Areas covered: This review summarizes the synthetic antimicrobials that are currently in development for the treatment of nosocomial pneumonia, focusing on antibiotics in the final phases of clinical development and on the strategies employed by novel synthetic antimicrobial peptides.
Expert opinion: Several novel synthetic antimicrobials are currently in the pipeline, and it appears that new antimicrobial peptides or mimetics will soon be made available, expanding the opportunities to treat nosocomial pneumonia. However, the approval process for use in the treatment of nosocomial pneumonia is arduous. Given that significant investments by pharmaceutical companies have ended in failure to obtain the approval of regulatory agencies, novel platforms for antimicrobial discovery are needed. The identification of new and fully synthetic chemical structures with activity against nosocomial pathogens needs to be followed by preclinical studies in large animals and by pharmacokinetic and pharmacodynamic studies in specific critically ill populations to assess lung penetration.
Article highlights
Despite improvements in treatment and supportive care, nosocomial pneumonia remains a leading cause of death in hospital settings.

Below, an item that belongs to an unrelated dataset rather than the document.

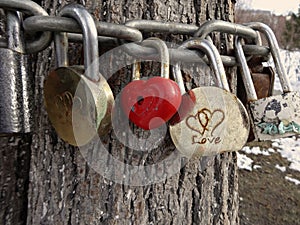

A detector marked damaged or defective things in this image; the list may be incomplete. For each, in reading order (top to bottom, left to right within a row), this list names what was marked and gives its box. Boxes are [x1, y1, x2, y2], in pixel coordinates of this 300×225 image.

rusted lock [0, 11, 33, 135]
rusted lock [236, 22, 300, 140]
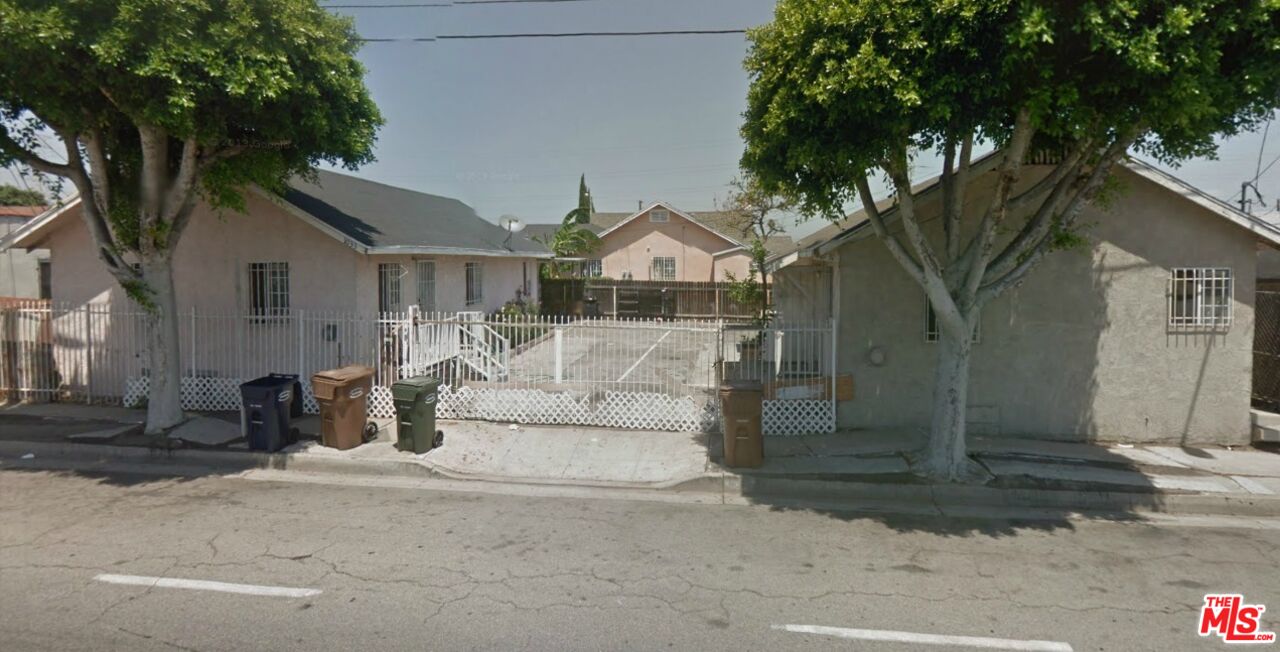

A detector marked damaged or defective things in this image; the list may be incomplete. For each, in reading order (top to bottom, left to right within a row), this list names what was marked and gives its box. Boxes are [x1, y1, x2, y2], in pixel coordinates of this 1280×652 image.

The development of novel synthetic antimicrobials holds promise for the treatment of multidrug-resistant infections.
Innovative discovery platforms have the potential to be able to develop thousands of compounds by high-throughput techniques, offering the potential to construct chemical repositories suitable for screening.
Synthetic antimicrobials for the treatment of hospital-acquired or ventilator-associated pneumonia are still in early development. Notable exceptions to this are the oxazolidinones and quinolones, while compounds such as tedizolid and iclaprim are in the final phases of development.
Antimicrobial peptides or mimetics have several attractive properties that make them a promising therapeutic option for treating multidrug-resistant infections. Of these, murepavadin (POL7080) is probably best positioned to reach the market for the treatment of hospital-acquired or ventilator-associated pneumonia due to P. aeruginosa.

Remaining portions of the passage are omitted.